Oleh Adi Arwan Alimin (Penulis)
BUKU ibarat halaman-halaman yang memanjang tak terbatas. Setiap helai lembarannya menuang seluruh gagasan dan pengalaman batin para penulis yang diserapnya dari realitas kehidupan. Buku menjadi media menyimpan ingatan, dan membenamkan pengetahuan tak ternilai. Di sanalah meruah ilmu digali, dan dikaji setiap kesempatan.
Bagi peminat dan pembaca buku, sebenanrya tiada istilah Hari Buku. Itu hanya ditujukan untuk terus mengingatkan setiap orang mengenai panduan pengetahuan tempat kita mengikat makna dan menjalankannya dalam moralitas sebagai manusia. Awalnya buku lahir sebagai kemewahan para intelektual, tidak setiap orang pada mulanya mampu membeli atau memiliki buku. Namun sejarah terus berkembang, hingga buku diterbitkan berkala di sekitar kita.
Buku sebagai sumber pengetahuan telah dikenal ribuan tahun silam, dalam wujud gulungan kertas papirus sebagaimana kebiasaan orang-orang Mesir sekiar tahun 2400-an SM. Ada pula yang menyebut buku telah ada sejak zaman Budha di Kamboja. Selama berabad-abad ilmu pengetahuan ditulis pada berbagai medium, termasuk lidi, bahkan daun lontar. Di Sulawesi Selatan dan Barat kita mengenal Lontar sebab ingatan, dan sejarah pengetahuan manusia kala itu dituangkan di atas lontar.

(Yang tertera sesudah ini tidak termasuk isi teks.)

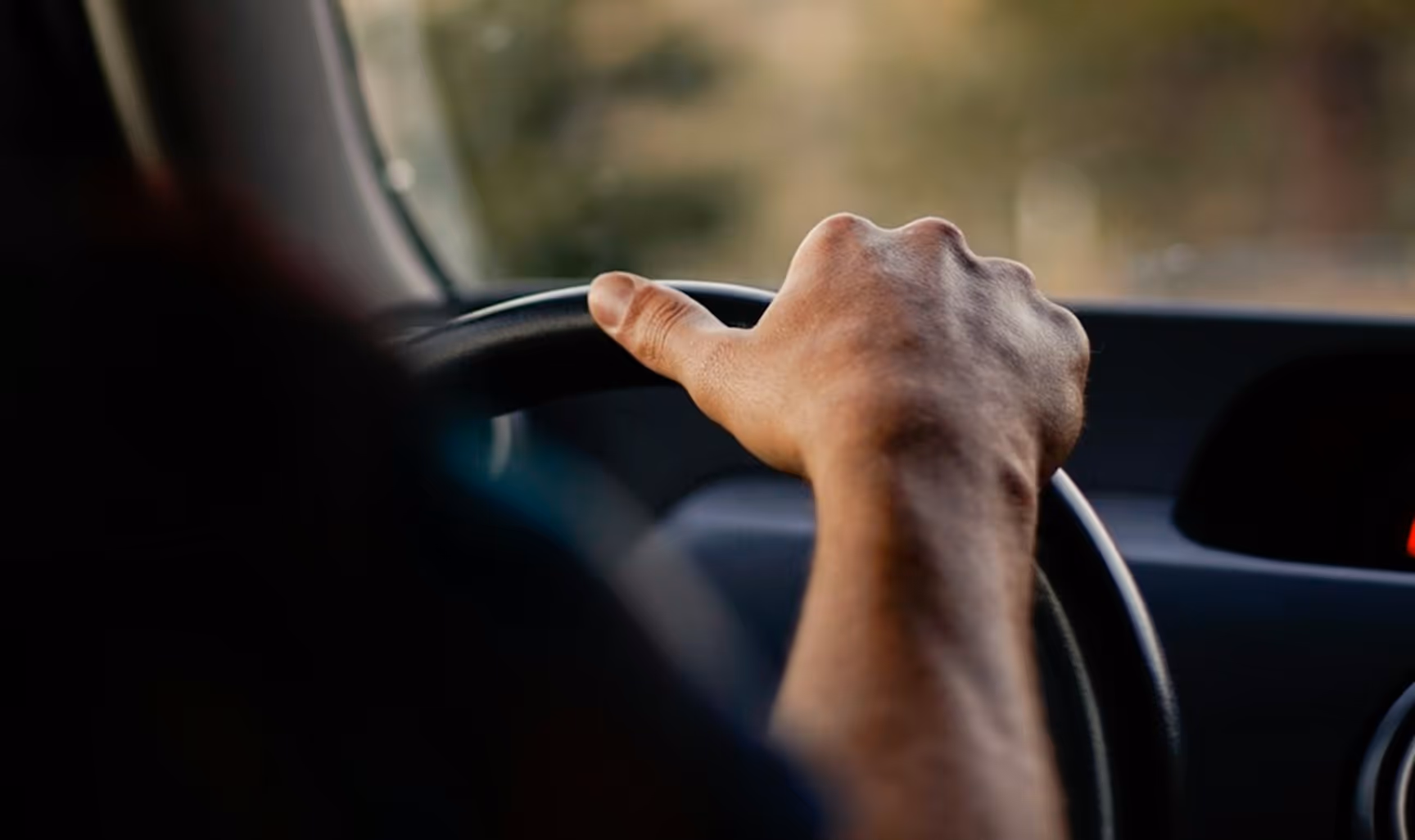 Cargo van driver works his clipboard at the wheel on a vehicle-transport final-mile run, handling the keys, paperwork, and accessory drops that back up dealership, auction, and wholesaler transfers.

Hingga 200-an SM setelah Tsai Lun menemukan kertas dari bahan dasar bambu. Sejak itu wujud buku yang kita kenal saat ini berubah, dan memberi pengaruh amat besar bagi dunia. Pedagang-pedagang muslim lalu membawa teknologi pembuatan kertas ini dari Tiongkok ke Eropa sekitar abad XI, dari sinilah industri kertas berkembang lebih maju. Dengan kertas yang lebih ringan terciptalah buku.